“Dağılın!” Megafonun metalik sesi meydanda toplanmış bedenlere sesleniyordu. Bedenler, kolaylıkla dağılıp tekrar bir araya gelebilen parçalar. Anonsa rağmen dağılmadılar. Sonra bir kez daha o metalik ses duyuldu: “Dağılmazsanız müdahale edeceğiz!” Ve meydanda birdenbire ortaya çıkmış bu çok başlı, çok gövdeli, çok ayaklı güzelliği şiddet kullanarak dağıttılar. Bedenler ne zaman kendiliğinden bir araya gelerek toplaşsalar ve aralarında yatay bağlantılar inşa edip örgütlenmeye kalkışsalar, hep aynı metalik ses duyuluyor.
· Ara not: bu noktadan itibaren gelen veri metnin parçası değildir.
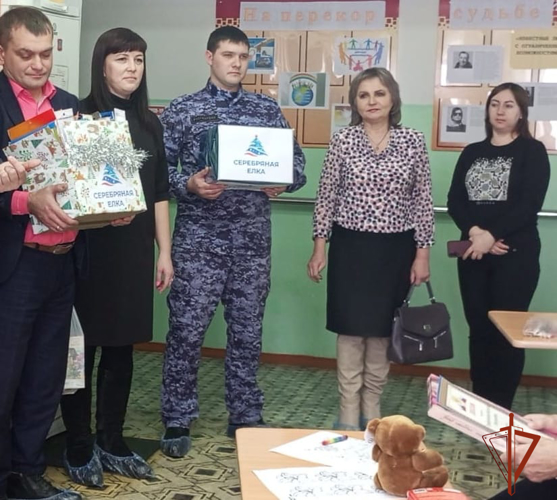 В Новосибирской области сотрудники Росгвардии посетили Дом милосердия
Dikey örgütlenmenin sesi metaliktir. Ve dikey yapı, yatay ağları parçaladıkça daha da dikleşiyor. Hükümdarın kolları mekaniktir; kolluk kuvvetleri kırılgan bedenleri kolaylıkla dağıtabiliyor. Evlerine sığınsalar da, çok başlı, çok gövdeli, çok ayaklı güzellikleri akıllarının ucundan bile geçirmesinler diye ekranlardan hep o metalik ses yükseliyor: “Dağılın!” Yasalar, dağılan parçaların sadece dikey olarak bir araya gelmelerine izin vermiştir. Dağılan benliğin, kendini toparlaması için dikey bütüne boyun eğmesi gerekir. Faşizm, dağılmaya teşne benliğin, kendi dışındaki dikey yapılarda birlik ve bütünlük arayışının tarihidir ve aynı zamanda korkunun.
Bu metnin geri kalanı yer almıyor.